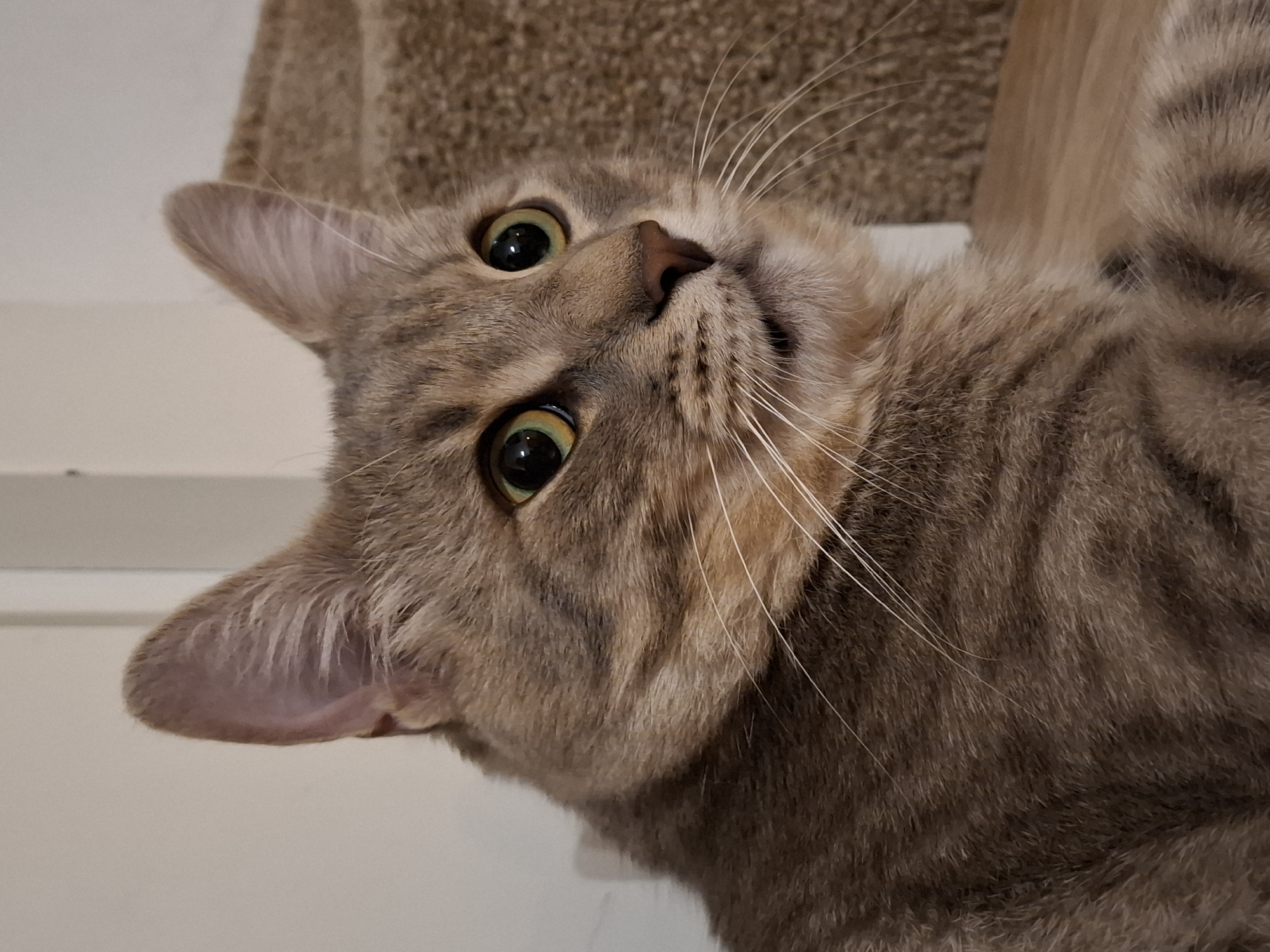 A close-up, head-and-shoulders shot shows a grey tabby cat with large, wide-open green eyes and alert ears. The cat's fur is a mix of light brown, grey, and black stripes, with white whiskers fanning out from its nose. The cat's mouth is slightly open, revealing a small pink tongue. The background is softly blurred, with a textured brown surface to the right, possibly a carpeted stair, and a neutral-colored wall or partition to the left. The lighting is warm and illuminates the cat's face. The image captures a moment of intense focus or curiosity from the feline subject. The image does not contain any identifiable elements suggesting a specific location within Zemun Urban Municipality, Serbia.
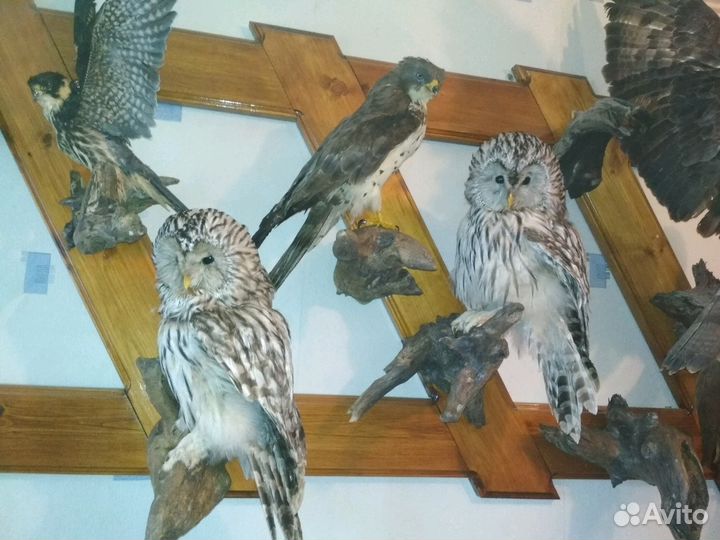 Чучела животных и птиц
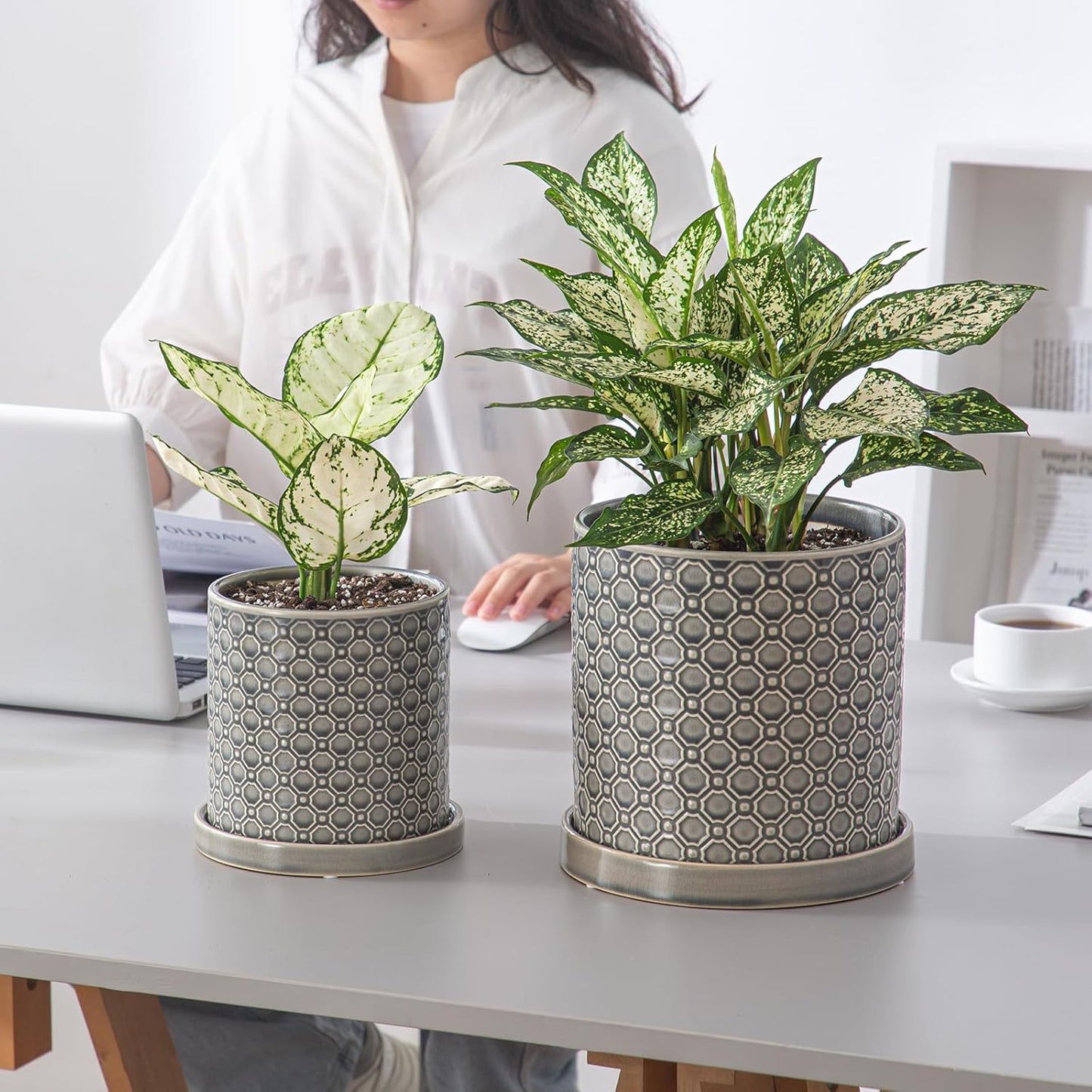 8 Inch Plant Pot: Ceramic Planter with Drainage Hole & Saucer Indoor Outdoor Plants - Cylinder Round Flower Pot for Home Office - Modern Decorative - Medium Grey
━━━━━━━━
Pictures are to be dropped, and the remaining data set down exactly.

**EXERCISE RESULT**
 A close-up, head-and-shoulders shot shows a grey tabby cat with large, wide-open green eyes and alert ears. The cat's fur is a mix of light brown, grey, and black stripes, with white whiskers fanning out from its nose. The cat's mouth is slightly open, revealing a small pink tongue. The background is softly blurred, with a textured brown surface to the right, possibly a carpeted stair, and a neutral-colored wall or partition to the left. The lighting is warm and illuminates the cat's face. The image captures a moment of intense focus or curiosity from the feline subject. The image does not contain any identifiable elements suggesting a specific location within Zemun Urban Municipality, Serbia.
 Чучела животных и птиц
 8 Inch Plant Pot: Ceramic Planter with Drainage Hole & Saucer Indoor Outdoor Plants - Cylinder Round Flower Pot for Home Office - Modern Decorative - Medium Grey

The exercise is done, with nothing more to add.